Esse desenvolvimento gera benefícios para o comércio e serviços, mas também pressiona o mercado imobiliário, elevando os preços de aluguel, afetando principalmente as classes mais baixas.

Além disso, o aumento da atividade econômica eleva os preços de bens essenciais, como a cesta básica. Nesse cenário, o reajuste do salário mínimo é crucial para garantir que o poder de compra dos trabalhadores não seja comprometido. No setor da construção civil, que geralmente paga salários atrelados ao piso mínimo, o reajuste também ajuda a regular a remuneração dos trabalhadores.

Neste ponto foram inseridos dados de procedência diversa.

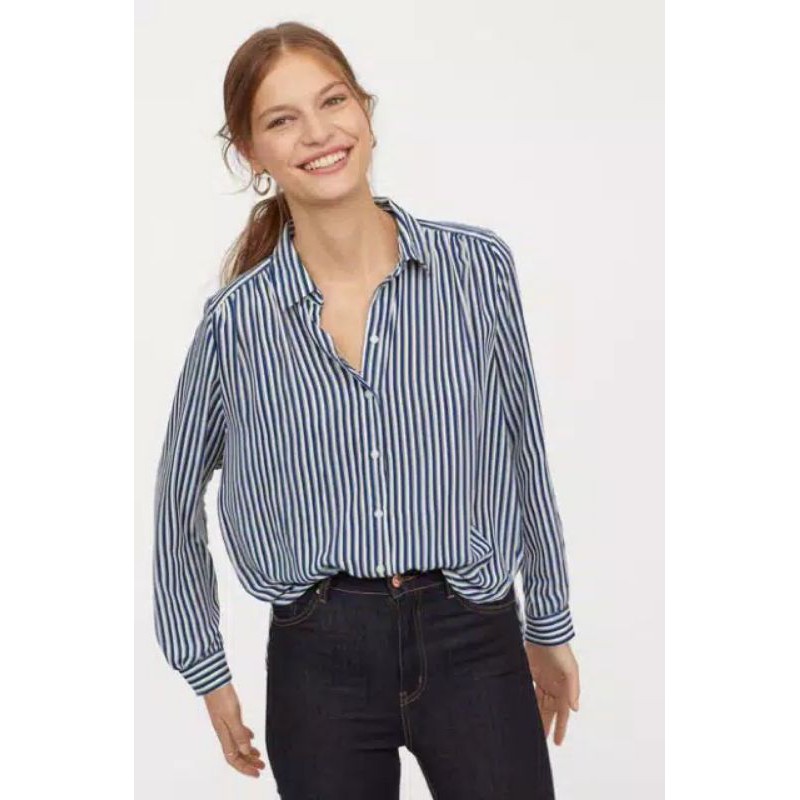 KEMEJA WANITA ATASAN CEWEK GARIS STRIPED BLUE BIRU LENGAN PANJANG ORIGINAL BRANDED MURAH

Por outro lado, o aumento do salário mínimo pode aquecer o comércio e os serviços, estimulando as vendas, mas também pressiona os custos operacionais, especialmente para os pequenos empresários. Assim, o impacto do aumento do salário mínimo em Marabá é ambíguo: por um lado, melhora a qualidade de vida e aquece a economia local, mas, por outro, pode aumentar os custos para o comércio e o setor imobiliário. Quando bem dosado, o reajuste pode equilibrar esses efeitos e ajudar o município a crescer de forma sustentável, analisa o economista.

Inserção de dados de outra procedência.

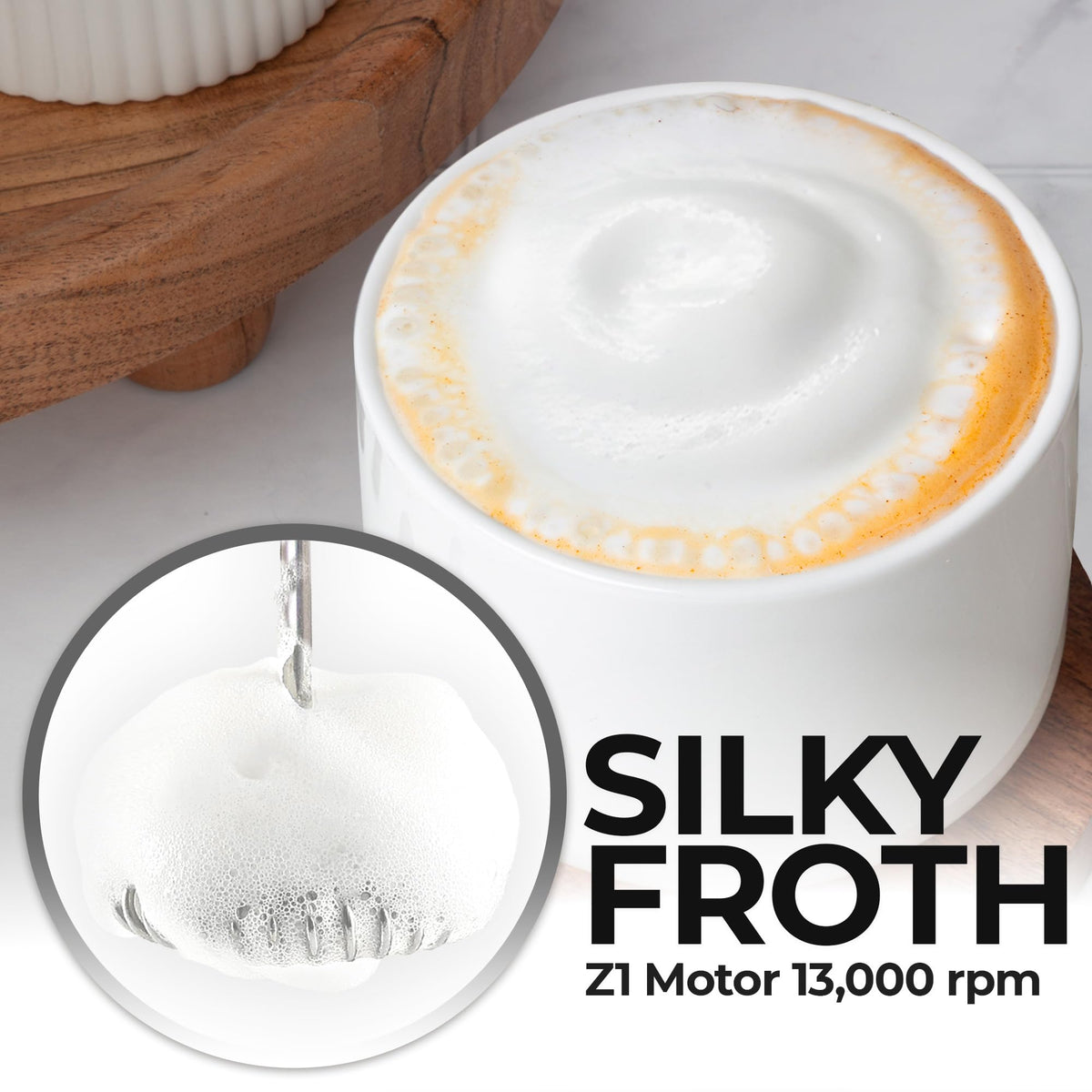 Zulay Kitchen cappuccino foam close-up showing rich, creamy texture and smooth pour.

Um olhar sobre a teoria econômica do salário mínimo

De acordo com o professor, do ponto de vista da teoria econômica, o aumento do salário mínimo deve acompanhar o crescimento da produtividade, garantindo que os salários aumentem na mesma proporção da capacidade de produção da economia, sem gerar grandes pressões de custo. No entanto, medir o crescimento da produtividade por setor é complexo, devido à interdependência entre eles. Entre 2004 e 2015, os salários cresceram mais que a produtividade, o que acelerou a economia, mas também gerou pressões sobre os custos e contribuiu para uma crise econômica, pontua Giliad.

Entretanto, antes disso, entre 1990 e 2004, a produtividade cresceu mais que os salários, o que significava que a riqueza gerada no Brasil não beneficiava os trabalhadores, mas o capital. Comparado a países com renda semelhante, o Brasil ainda tem espaço para aumentar os salários sem comprometer a competitividade, mas o principal obstáculo é político.

“Em síntese, a minha avaliação é que o Brasil tem um rendimento médio para quem vive dos salários menor do que os países parecidos com ele, no entanto, nós temos um problema político que é de fazer com que salários cresçam, basicamente, empresários têm tido maior capacidade de influenciar essa regulação salarial do que quem vive do salário”, finaliza o economista.